“I Despise Facebook”

That’s Tom Hodgkinson talking, not me. (My feelings about Fakebook aren’t that strong.) Hodgkinson has a long and interesting article in the Technology section of the Guardian Unlimited that sets out his many reasons for reviling the vastly popular — what? — tool, environment, fad?

His points are, roughly:

  • It’s unnecessary. Why would you need to connect to people through the mediation of “a bunch of supergeeks in California”?
  • It’s isolating. The connection is more imagined than real.
  • It perverts true friendship, encouraging lying about oneself and competition as to the number of “friends” one has.
  • It’s got incredible mass appeal. If everyone’s doing it, and I mean everyone, then he doesn’t want to.
  • It’s an expression of a “particular kind of neoconservative libertarianism.” Capitalism creates the illusion of individuality in order to make money. The owner, Thiel, is a really right wing enthusiast. All of which, I think, comes down to his last point which is…
  • It’s profoundly cynical and exploitive. Under a banner of freedom millions of sheep are shovelling personal data into the system that then feeds them back ads (and may do who knows what else with the data).

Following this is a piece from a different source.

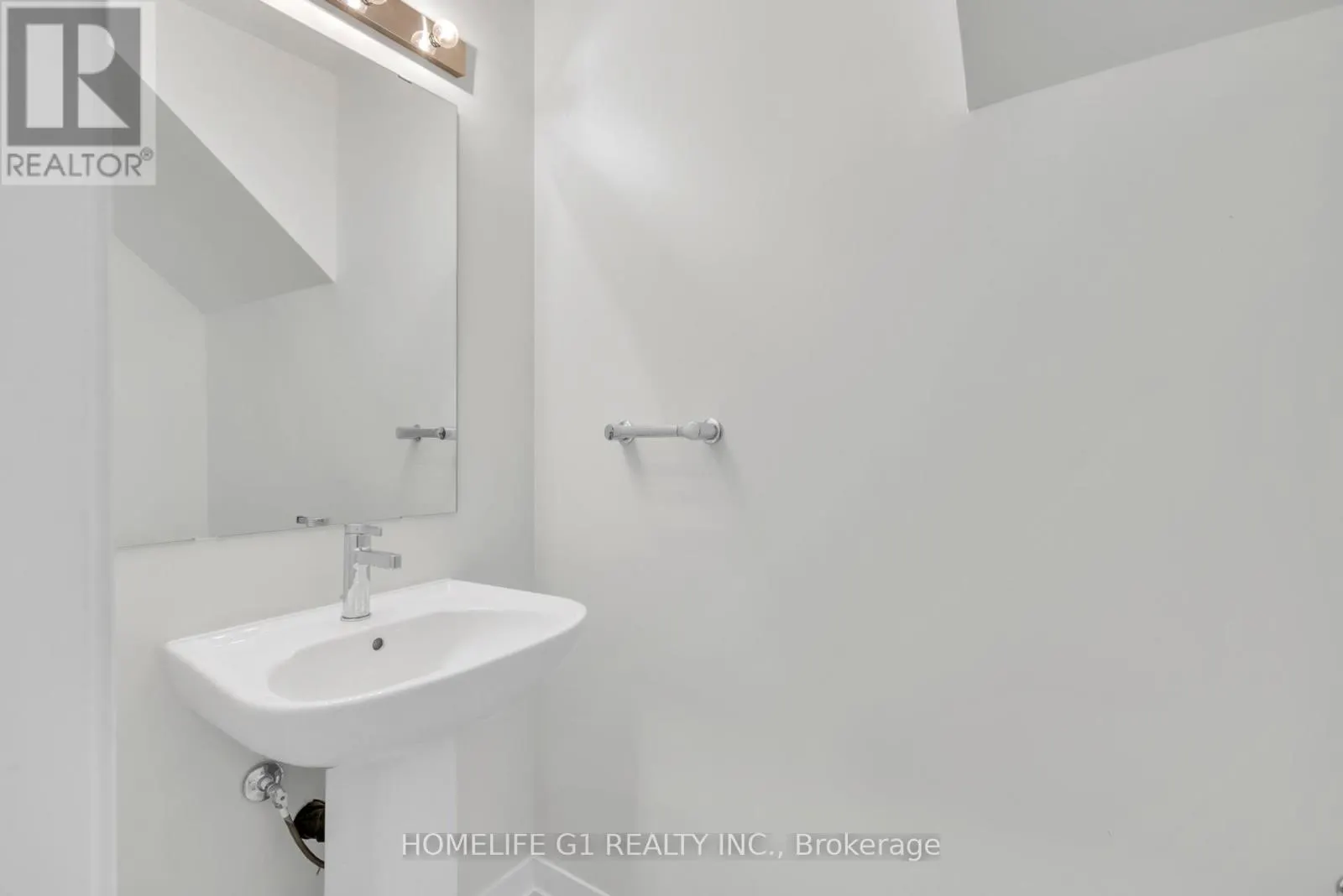3429 RIDGEWAY DRIVE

Read the whole essay, whether you agree with his view or not, because Facebook isn’t going away in a hurry and whether you’re in or not you’re going to need to think about it at some point.

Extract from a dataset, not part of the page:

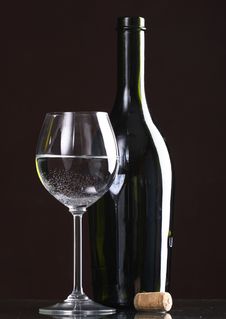 Still-life Wine Bottles And Glass Royalty Free Stock Photography Still-life Wine Bottles And Glass Royalty Free Stock Photography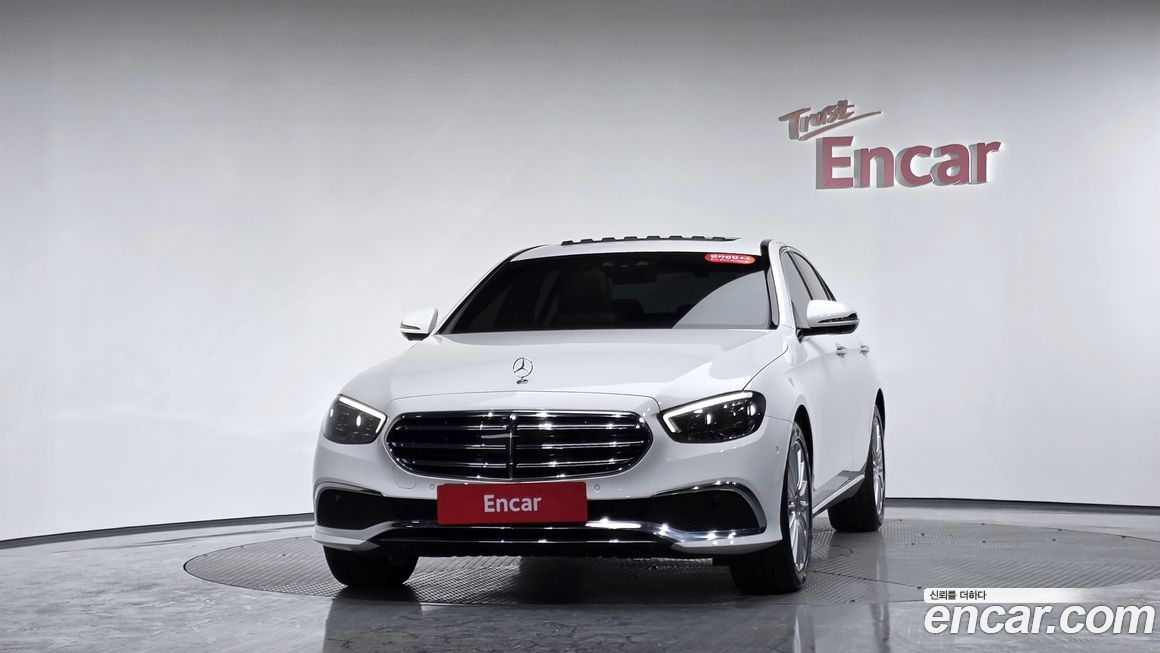 Mercedes-Benz E-Class 2022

  1. Thank you for pointing this out. He dislikes Facebook for largely different reasons than I do. I expect he doesn’t use it (or at least, not that much), whereas I am still there, checking in regularly. The things I don’t like are gradually outweighing the things I do like. Some day I will explain more fully.


  2. Simon, you and I talked about the coming facebook backlash in an email last year. Shall we declare this the beginning? :)

    For me, it’s got nothing to do with functionality. My number one complaint is that FB is a closed network, and provides nothing of value outside FB. It’s a modern day AOL. And that closed aspect, philosophy wise, goes against everything I believe the Internet should offer.

  3. @Steve “It’s a modern day AOL”
    Stephen Fry has a nice take on this

  4. I’m not convinced that FB has staying power. It might have a bit more durability than some of the fad-ish predecessors, but ultimately, the limitations mentioned above (and those not mentioned above) will combine with the next big thing to make FB passe.